#37 Transplant Center in the Nation
The Advanced Lung Disease & Transplant Center performs both single and double lung transplants and specializes in personalized, end-to-end treatment options for adult patients who have been diagnosed with cystic fibrosis and pulmonary fibrosis, interstitial lung disease, pulmonary hypertension and other complex lung conditions. The TGH Transplant Institute is ranked #5 in the nation by volume and we are one of the most active lung transplant centers in the Southeast. Patient success after surgery exceeds national averages, and our specialty program in recognized by U.S. News & World Report as Top 10% in the Nation for Pulmonology & Lung Surgery. Additionally, TGH is #1 in Tampa and West Central Florida.
Tampa General Hospital performed its first lung transplant in 2002. Since the program’s inception, our multidisciplinary team of experts has performed more than 880 lung transplants. The Advanced Lung Disease & Transplant Center continues to advance research in the field, from being the first to use a living related donor for lung transplantation to exploring new methods for preserving the lung prior to transplantation and developing advanced techniques for detecting and treating rejection.
Medical Leadership
Some patients require a single‑lung transplant, while others need a double‑lung transplant. The type of transplant recommended depends on several factors, including:
- The type and severity of lung disease
- Prior chest surgeries
- Presence of pulmonary hypertension
- Active or chronic infections
- Blood flow to each lung
Conditions treated by our Lung Transplant Program include:
- Pulmonary fibrosis
- Chronic obstructive pulmonary disease (COPD)
- Cystic fibrosis
- Pulmonary hypertension
- Sarcoidosis
- Interstitial lung diseases (ILD), including:
- Nonspecific interstitial pneumonitis (NSIP)
- Bronchiectasis
- Bronchiolitis
- Lymphangioleiomyomatosis (LAM)
Potential benefits may include:
- Improved breathing and reduced shortness of breath
- Reduced or eliminated need for oxygen therapy
- Increased ability to exercise and stay active
- Improved overall quality of life
- Extended survival for many patients with end‑stage lung disease
Important considerations: A lung transplant is a major surgery and requires lifelong care. After transplant, patients must take anti‑rejection medications every day to protect the new lungs.
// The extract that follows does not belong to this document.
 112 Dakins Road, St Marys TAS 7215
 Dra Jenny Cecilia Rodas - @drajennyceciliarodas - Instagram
These medications:
- May cause side effects
- Increase the risk of infections
- May increase the risk of certain cancers, such as skin cancer or lymphoma
Patients must be willing to:
- Learn about the risks and benefits of lung transplantation
- Work closely with a multidisciplinary transplant team
- Take all medications exactly as prescribed, for life
- Attend all scheduled follow‑up appointments and testing
- Participate in required pulmonary rehabilitation
- Make long‑term lifestyle and dietary changes
- Maintain open communication with the transplant team
- Have a reliable caregiver plan in place
Our team is here to support you every step of the way.
Each transplant recipient must identify at least two dedicated caregivers who can share responsibilities before and after transplant.
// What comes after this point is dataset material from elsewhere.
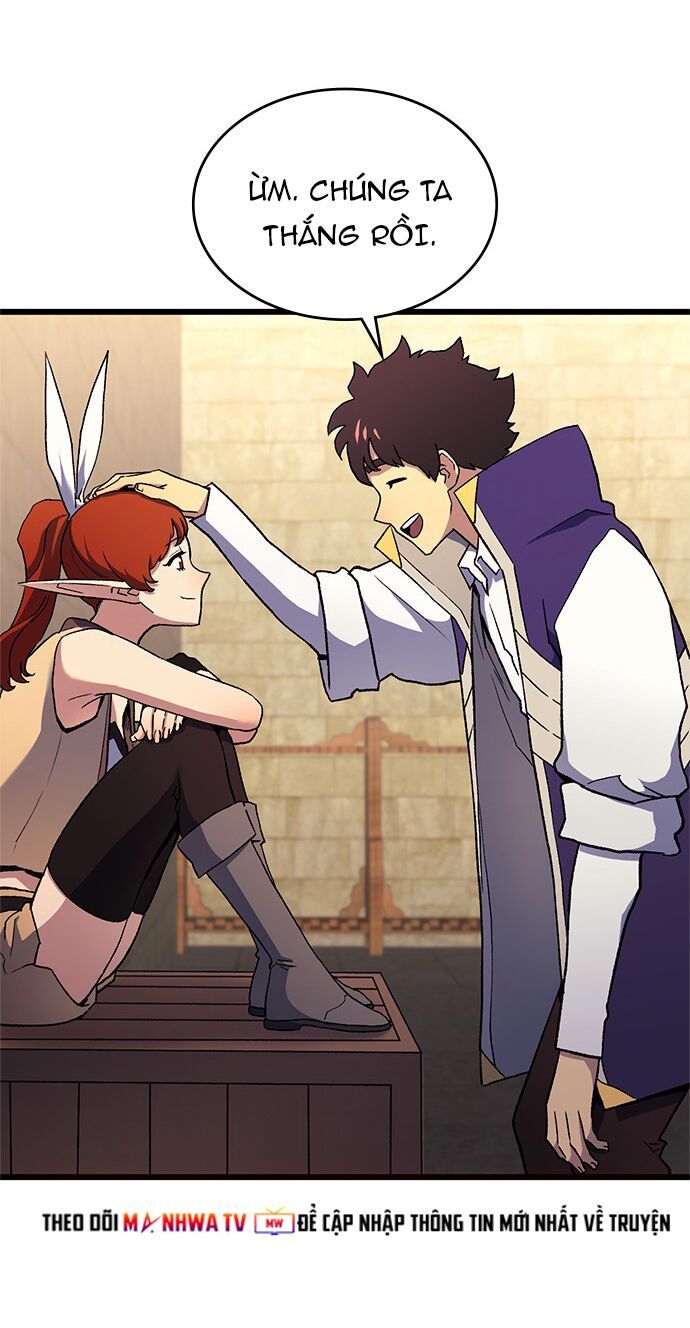 Pháp Sư Từ Thế Giới Khác Chapter 10 - Trang 2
Before transplant, caregivers must:
- Attend pre‑transplant appointments and evaluations
- Learn about the transplant process and expectations
- Transport the patient to the hospital when an organ becomes available
- Remain at the hospital during surgery to receive updates
After transplant, caregivers must:
- Provide daily support for 3–6 months
- Attend education sessions and medical rounds
- Assist with medications and care plans
- Provide transportation to all appointments and pulmonary rehabilitation
After hospital discharge:
- Patients and caregivers must stay in local housing within one hour of Tampa General Hospital for 3–6 months
- Patients may not drive for at least 3 months
- Caregivers are responsible for all transportation
- Temporary transplant housing may be available but is not guaranteed
Certain conditions may make lung transplantation unsafe or not possible, including:
- Active nicotine use (must be nicotine‑free for at least 6 months)
- Recent cancer diagnosis (within the past 5 years, excluding some skin cancers)
- Severe physical debilitation or inability to walk 1,000 feet during a 6‑minute walk test
- Lack of a reliable caregiver plan
- Body mass index (BMI) outside eligibility criteria (18–32)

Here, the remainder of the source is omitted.